Re: [PATCH v3 11/27] x86, irq: Add realloc_irq_and_cfg_at()

From: Sebastian Andrzej Siewior
Date: Sun Jun 09 2013 - 15:14:11 EST


On Fri, Jun 07, 2013 at 03:30:57PM -0700, Yinghai Lu wrote:
> For ioapic hot-add support, it would be easy if we put all irqs
> for that ioapic controller together.
>
> We can reserve irq range at first, then reallocate those
> pre-reserved one when it is needed.
>
> Add realloc_irq_and_cfg_at() to really allocate irq_desc and cfg,
> because pre-reserved only mark bits in allocate_irqs bit maps.
>
> The reasons for not allocating them during reserving:
> 1. only several pins in ioapic are used, allocate for all pins, will
> waste memory for not used pins.
> 2. relocate later could make sure irq_desc is allocated on local node ram.
> as dev->node is set at that point.
>
> -v2: update changelog by adding reasons, requested by Konrad.

I think it will be better to split out the gen irq changes out of x86 / apic
specific code.

I don't what to say. You are worried about the extra unused memory in case
of irq_desc right? The OF code has more or less the same problem. They use
irq_of_parse_and_map() / irq_create_mapping() to create a mapping between
virq (the linux number) and hw-irq (pin on the irq chip). This mapping is
created once the irq chip is detected. They don't care about virqs (aka
linux numbers) to be in a row and they allocate all of irqdesc at once.

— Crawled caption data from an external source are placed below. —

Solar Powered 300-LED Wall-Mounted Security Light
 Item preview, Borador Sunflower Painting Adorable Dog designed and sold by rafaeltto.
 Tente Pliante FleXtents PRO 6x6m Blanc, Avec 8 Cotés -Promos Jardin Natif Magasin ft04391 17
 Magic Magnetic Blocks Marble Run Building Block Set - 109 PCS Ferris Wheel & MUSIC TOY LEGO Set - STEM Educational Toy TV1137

Once you get irqdomain to be used within ioapic, then your "linux irq
number" vs "hw irq number" should disapper. Plus you can remove the whole
gsi_number thingy. And then you start working on getting irqdesc allocated
later, say at request_irq() time and free at free_irq().

However I am not sure if this is worth it. The advantage would be that you
would once one infrastcuture for linux-number vs hw-number mapping and the
delayed irqdesc allocate + numa node rellocating.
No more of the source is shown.